▶ [Task statement] Give back the material word for word, every line included.

▶ [Recorded information]
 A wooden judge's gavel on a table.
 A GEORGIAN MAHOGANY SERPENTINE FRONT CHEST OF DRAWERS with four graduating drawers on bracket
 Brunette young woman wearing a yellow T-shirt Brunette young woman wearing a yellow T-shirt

▶ [Exercise output]
 A wooden judge's gavel on a table.
 A GEORGIAN MAHOGANY SERPENTINE FRONT CHEST OF DRAWERS with four graduating drawers on bracket
 Brunette young woman wearing a yellow T-shirt Brunette young woman wearing a yellow T-shirt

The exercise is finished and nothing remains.